Questo, a Cana di Galilea, fu l’inizio dei segni compiuti da Gesù; egli manifestò la sua gloria e i suoi discepoli credettero in lui (v. 11).

Leggendo l’intera pericope scopriamo però che Cana è anche il luogo in cui i suoi divengono consapevoli di un’ora non ancora giunta. A Cana, dunque, il discepolo è invitato a credere per iniziare la sequela del Maestro lungo un cammino di rivelazione progressiva che culminerà nell’ora, nell’intronizzazione del Cristo sulla croce. Ma di quale segno parla Giovanni?

Notiamo subito che il racconto è focalizzato su Gesù: tutto ruota intorno a lui. Egli entra in dialogo con la madre (vv. 3-5), coi servitori (vv. 7-8), col maestro di tavola (vv. 9-10). I diversi personaggi sono definiti in relazione a Lui: la madre di Gesù (vv. 1. 3. 5), i suoi discepoli (vv. 2. 11), mentre le parole della madre volgono lo sguardo dei servi verso di Lui: «Qualunque cosa vi dica, fatela» (v. 5). Il segno riguarda dunque Gesù e la sua identità.

Ambientazione vv. 1-2

I versetti ci introducono nel racconto con una nota temporale: tre giorni dopo; la circostanza: un matrimonio; il luogo: Cana di Galilea; i personaggi: la madre di Gesù, Gesù ed i suoi discepoli. Nel prosieguo della narrazione appariranno anche dei servi (v. 5) ed un maestro di tavola (v. 9). Il fatto che il narratore collochi la madre al primo posto nell’elenco dei personaggi, suggerisce il ruolo cruciale che svolgerà nello sviluppo della trama.

Nel quarto vangelo incontriamo la madre di Gesù in questo contesto, in 6,42 e in 19,25-26, ai piedi della croce: in nessuna ricorrenza è utilizzato il suo nome, Maria. Come per il ‘discepolo amato’, Giovanni intende forse indicare che la sua identità e il suo ruolo sono definiti soltanto in rapporto a Gesù e insieme vuole creare uno spazio aperto che ogni lettore è invitato a colmare con la propria vita: ognuno di noi è chiamato a riscoprirsi ‘il discepolo amato’ e a divenire ‘Madre’ generando il Cristo nella propria storia.

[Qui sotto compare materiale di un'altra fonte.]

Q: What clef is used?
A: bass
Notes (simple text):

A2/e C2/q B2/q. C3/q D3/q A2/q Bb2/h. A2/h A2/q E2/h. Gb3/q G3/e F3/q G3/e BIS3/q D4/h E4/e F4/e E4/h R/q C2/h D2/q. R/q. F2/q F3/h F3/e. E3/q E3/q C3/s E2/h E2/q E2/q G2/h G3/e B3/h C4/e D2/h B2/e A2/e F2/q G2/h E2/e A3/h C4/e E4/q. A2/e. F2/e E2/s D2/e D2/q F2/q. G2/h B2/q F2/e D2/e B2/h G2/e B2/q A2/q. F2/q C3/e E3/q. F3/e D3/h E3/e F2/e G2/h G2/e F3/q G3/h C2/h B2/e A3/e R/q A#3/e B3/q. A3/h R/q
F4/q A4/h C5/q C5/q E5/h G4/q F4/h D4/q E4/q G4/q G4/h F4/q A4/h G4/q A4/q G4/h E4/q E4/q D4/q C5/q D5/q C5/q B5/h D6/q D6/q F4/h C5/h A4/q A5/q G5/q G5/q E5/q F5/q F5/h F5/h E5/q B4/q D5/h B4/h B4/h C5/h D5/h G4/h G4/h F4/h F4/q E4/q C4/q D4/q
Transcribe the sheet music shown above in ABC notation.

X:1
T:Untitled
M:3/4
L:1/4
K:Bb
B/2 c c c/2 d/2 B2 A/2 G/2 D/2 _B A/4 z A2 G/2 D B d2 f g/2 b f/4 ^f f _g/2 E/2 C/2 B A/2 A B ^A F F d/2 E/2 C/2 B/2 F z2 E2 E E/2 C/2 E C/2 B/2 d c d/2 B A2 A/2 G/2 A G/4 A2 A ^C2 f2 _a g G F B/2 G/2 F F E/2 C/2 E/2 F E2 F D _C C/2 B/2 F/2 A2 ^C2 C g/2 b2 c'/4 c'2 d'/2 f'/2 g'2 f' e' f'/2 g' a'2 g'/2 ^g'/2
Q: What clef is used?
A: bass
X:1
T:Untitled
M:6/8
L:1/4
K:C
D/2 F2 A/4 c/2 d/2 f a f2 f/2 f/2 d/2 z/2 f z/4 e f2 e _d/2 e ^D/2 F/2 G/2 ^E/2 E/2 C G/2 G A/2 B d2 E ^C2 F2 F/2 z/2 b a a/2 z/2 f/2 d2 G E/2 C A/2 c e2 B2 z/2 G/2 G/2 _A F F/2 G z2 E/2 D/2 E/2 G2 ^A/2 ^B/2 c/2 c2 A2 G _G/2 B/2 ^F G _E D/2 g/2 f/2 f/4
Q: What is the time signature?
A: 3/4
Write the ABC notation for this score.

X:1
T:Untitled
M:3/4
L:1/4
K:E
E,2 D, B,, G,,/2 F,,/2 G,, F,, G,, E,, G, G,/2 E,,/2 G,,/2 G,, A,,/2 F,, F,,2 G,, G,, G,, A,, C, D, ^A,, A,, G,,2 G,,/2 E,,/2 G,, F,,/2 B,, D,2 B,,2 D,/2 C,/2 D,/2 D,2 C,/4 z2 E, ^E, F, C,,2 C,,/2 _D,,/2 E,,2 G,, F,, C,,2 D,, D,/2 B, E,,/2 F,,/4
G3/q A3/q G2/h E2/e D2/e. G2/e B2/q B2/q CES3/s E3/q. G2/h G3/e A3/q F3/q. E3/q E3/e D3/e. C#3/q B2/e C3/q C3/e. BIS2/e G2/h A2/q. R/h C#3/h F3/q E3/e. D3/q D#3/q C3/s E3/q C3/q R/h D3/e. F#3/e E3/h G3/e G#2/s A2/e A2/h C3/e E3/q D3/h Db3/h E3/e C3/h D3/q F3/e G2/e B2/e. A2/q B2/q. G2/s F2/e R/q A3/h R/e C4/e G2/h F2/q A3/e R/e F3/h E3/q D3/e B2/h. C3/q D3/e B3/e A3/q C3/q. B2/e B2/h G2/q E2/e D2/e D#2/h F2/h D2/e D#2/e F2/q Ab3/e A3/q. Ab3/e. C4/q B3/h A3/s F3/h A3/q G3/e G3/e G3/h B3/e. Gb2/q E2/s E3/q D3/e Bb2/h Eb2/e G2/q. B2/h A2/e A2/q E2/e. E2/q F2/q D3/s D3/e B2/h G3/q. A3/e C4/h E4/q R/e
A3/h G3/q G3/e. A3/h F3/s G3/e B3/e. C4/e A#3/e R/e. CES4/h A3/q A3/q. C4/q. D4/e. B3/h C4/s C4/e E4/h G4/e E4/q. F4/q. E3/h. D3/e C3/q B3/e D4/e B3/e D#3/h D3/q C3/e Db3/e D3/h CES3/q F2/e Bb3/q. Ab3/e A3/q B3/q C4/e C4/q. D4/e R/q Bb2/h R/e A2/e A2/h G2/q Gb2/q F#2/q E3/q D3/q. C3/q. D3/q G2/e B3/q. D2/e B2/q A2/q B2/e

Il racconto sembra essere in funzione dei discepoli. Leggendo Gv 1,35-51 possiamo conoscere i loro nomi: essi sono Andrea, Simone, Filippo, Natanaele, e un discepolo anonimo. Il nostro brano non ricorda i loro nomi, non segnala nessuna parola o azione compiuta da loro: eppure la loro presenza è segnalata all’inizio (v. 1) ed alla fine della pericope (vv. 11- 12)1. Il segno è per loro, perché credano in Lui e credendo scendano con lui verso Cafarnao (vv. 11-12).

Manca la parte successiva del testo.